Atuando em RH, já tinha ouvido falar em meritocracia, a partir do livro “Igualdade e Meritocracia” de Lívia Barbosa, no início dos anos 2000, no qual a autora compara sua aplicação no Brasil, Estados Unidos e Japão.

A palavra “mérito” tem origem latina e pode ser interpretada como valorização ou reconhecimento, receber o que lhe corresponde. Já a palavra “meritocracia” é a união da palavra latina “mereo” (ser digno, valorização, recompensa) com o sufixo grego “kratos” (força ou poder).

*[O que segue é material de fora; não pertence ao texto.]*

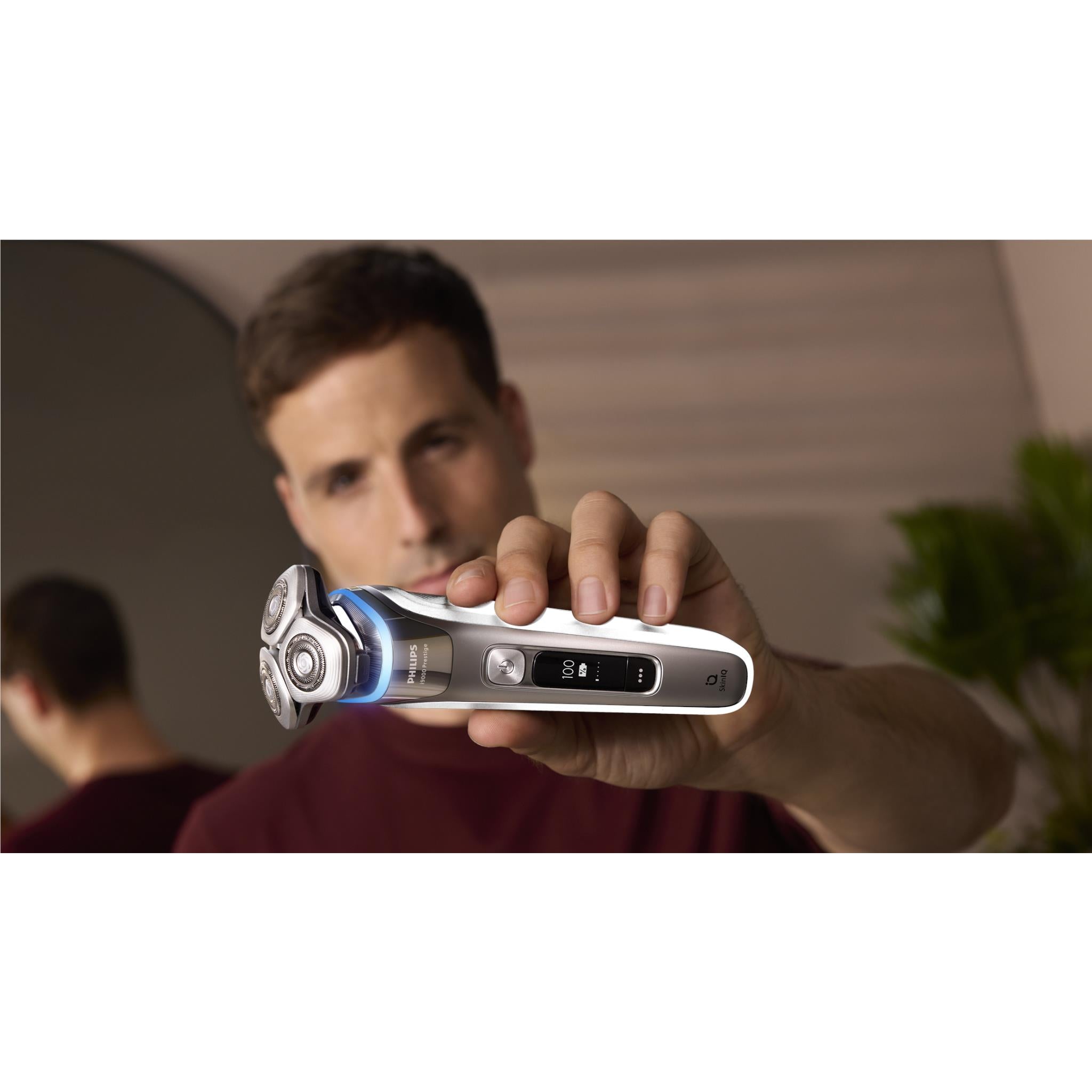 Cordless foil electric shaver, side view with display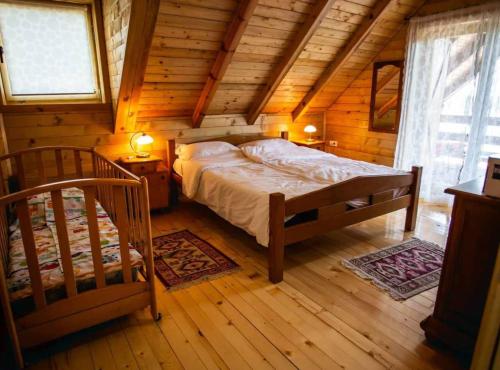 a bedroom with a bed in a wooden cabin at Wooden House Vučedol in Vukovar
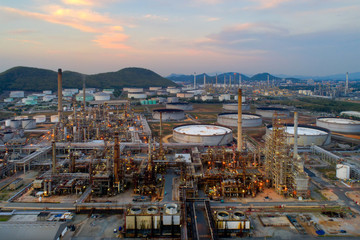 Aerial view of twilight of oil refinery ,Shot from drone of Oil refinery and Petrochemical plant at dusk , Bangkok, Thailand.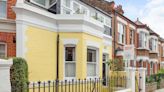 Tour this bright yellow cottage for sale in Battersea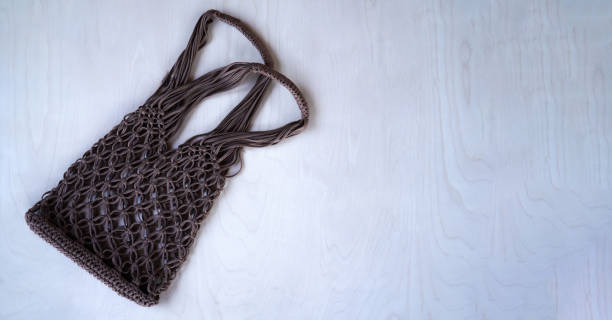 istock Brown string bag knitted in macrame technique from a knitted cord on a wooden background. Flat lay, top view. Zero waste and plastic free concept. A place for your text, advertising. 1421308755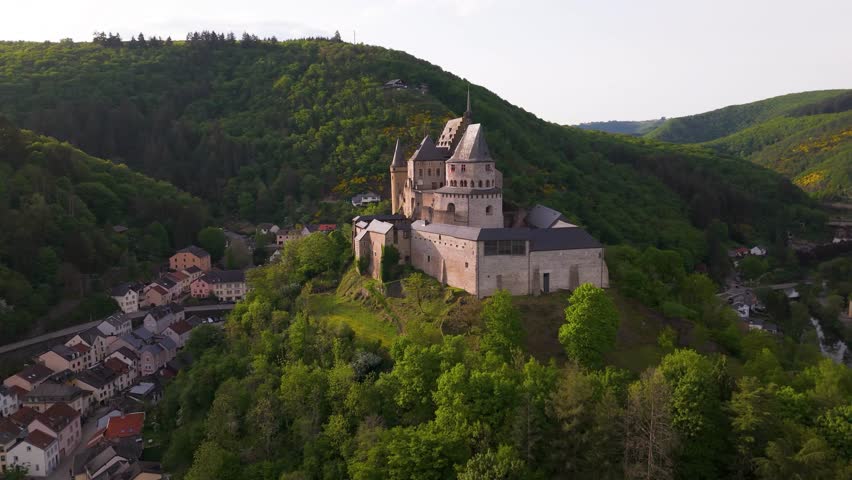 vianden castle chateau de surrounded by green cover hills cloudy sky beautiful homes below upper area highlight to from left near right afar circling drone luxembourg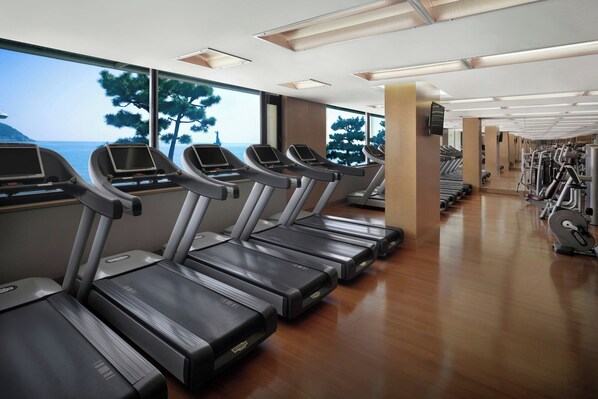 A gym with treadmills aligned along the wall, large windows, and exercise equipment. - The Westin Josun Busan (Busan)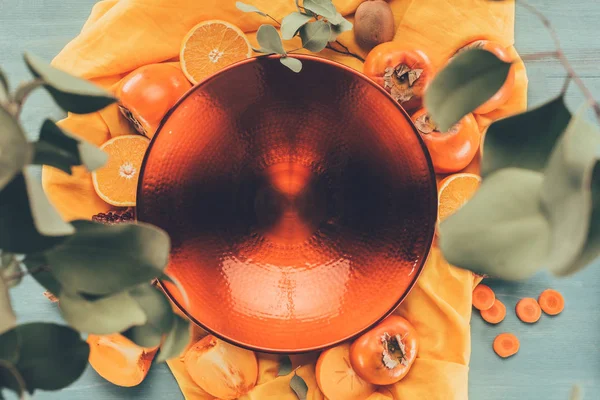 Top view of big red plate on orange tablecloth — Stock Photo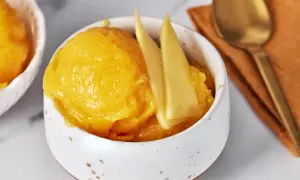 Erfrischendes Mango Sorbet in einer Schale, garniert mit Mangostücken. Daneben ein Löffel auf einem orangen Tuch.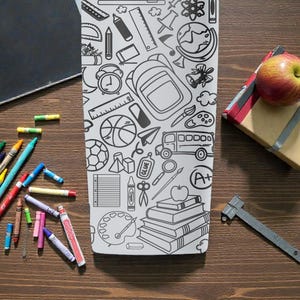 May include: A white tumbler with a black school-themed doodle design sits on a wooden surface, surrounded by crayons, a chalkboard, a wrapped gift, an apple, and a metal ruler. The tumbler features illustrations of school supplies.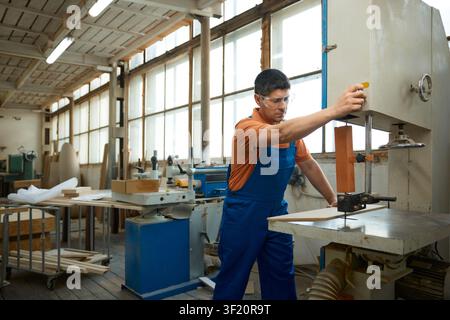 Skilled carpenter using bandsaw to shape curved panel while maintaining safety precautions and focus Stock Photo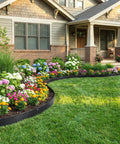 House with garden bordered by Durable 33ft Galvanized Steel Landscape Edging Kit, 10 Pack, 5 Inch High Metal Border, black finish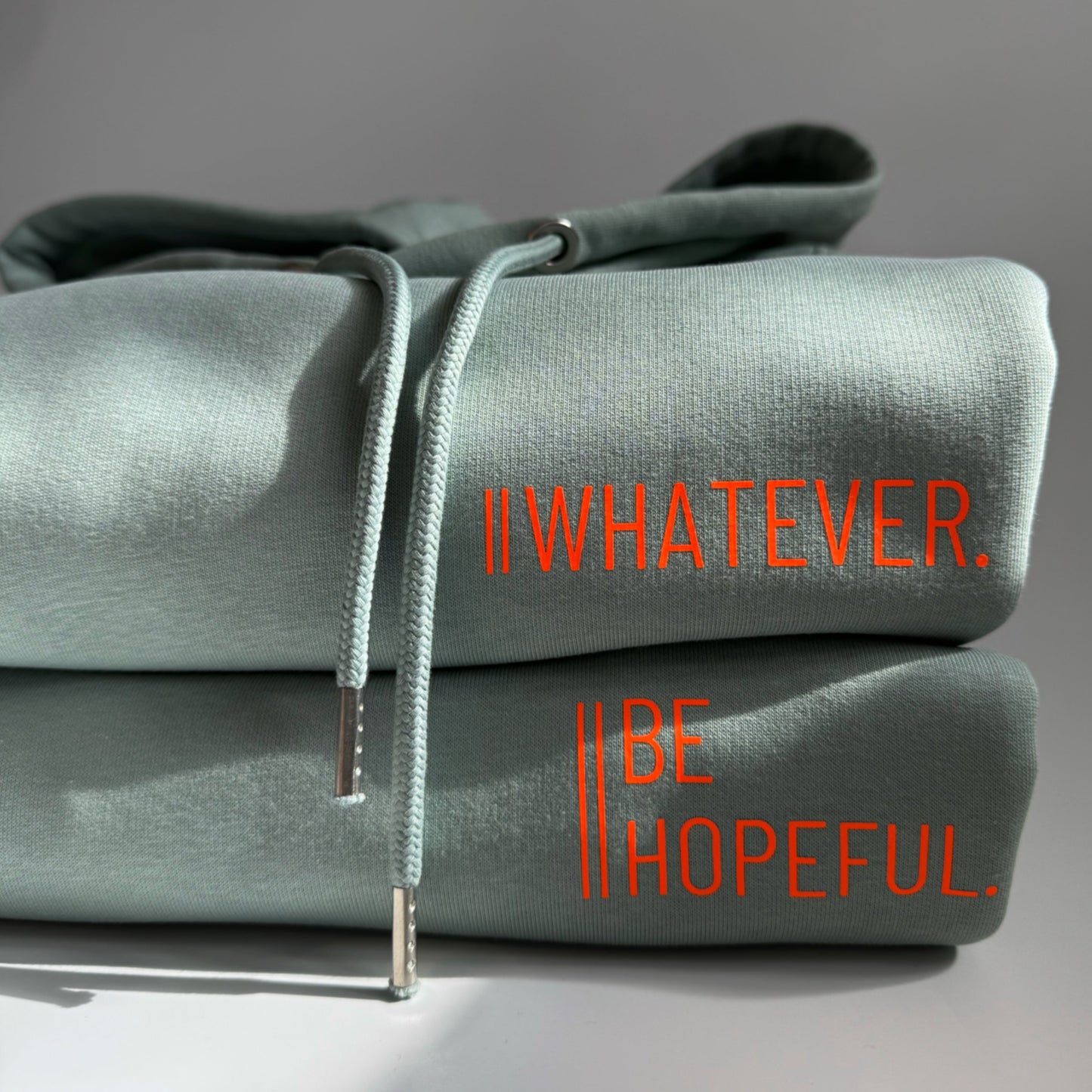 Hoodie Unisex 'Be hopeful.': Aloe / Neon Orange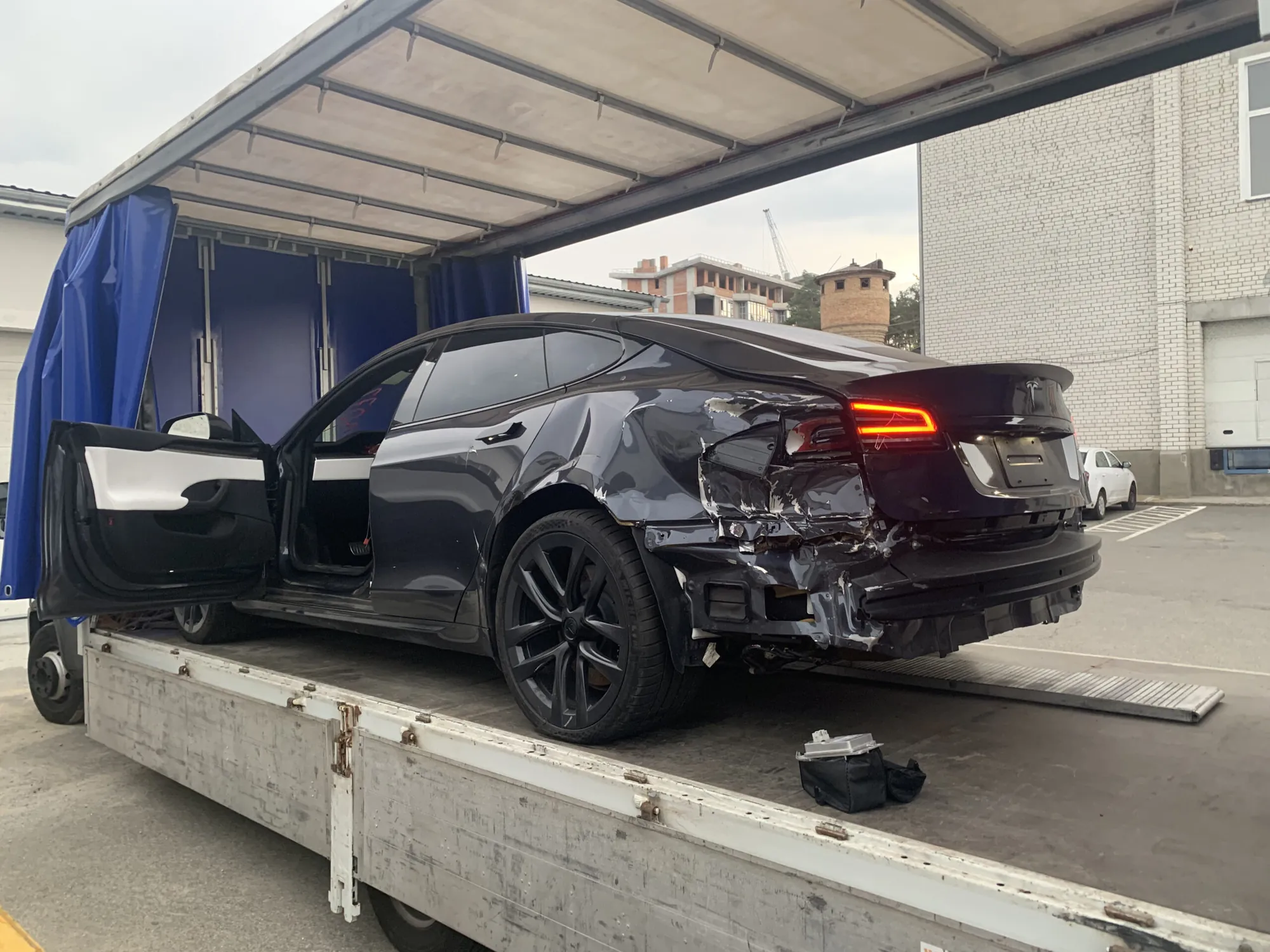 Black Tesla Model S with rear-end collision damage loaded on flatbed trailer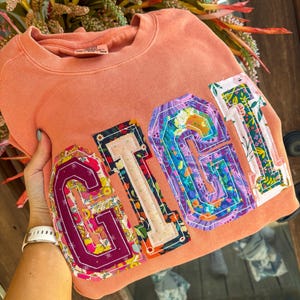 May include: A peach-coloured crewneck sweatshirt featuring the word GIGI in large, fabric-appliqued varsity letters. Each letter is crafted from a different floral and patterned fabric with visible stitching around the edges of the letters.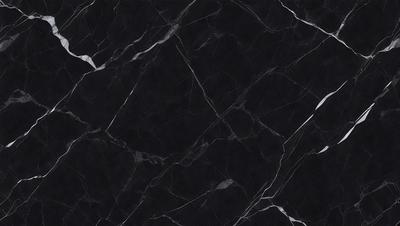 The primary subject of the image is a black marble countertop. The setting is a kitchen, with the countertop being the main focus of the scene. The visual style is a close-up of the marble countertop, showcasing its texture and pattern. The colors and mood of the image are predominantly dark, with the black marble countertop being the main source of contrast and visual interest.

Continuando a pesquisa, fiquei surpresa ao descobrir que o termo “meritocracia” havia sido criado por Michael Young, Barão Young de Dartington (1915 – 2002), sociólogo britânico e ativista social e político, em seu livro “The Rise of the Meritocracy”, escrito em 1958. A história era uma sátira (técnica literária que ridiculariza determinado tema) para alertar o que poderia acontecer na Inglaterra entre 1958 e uma imaginada revolta contra a meritocracia em 2033. As pessoas eram tratadas com base no mérito, entretanto as distorções foram se ampliando.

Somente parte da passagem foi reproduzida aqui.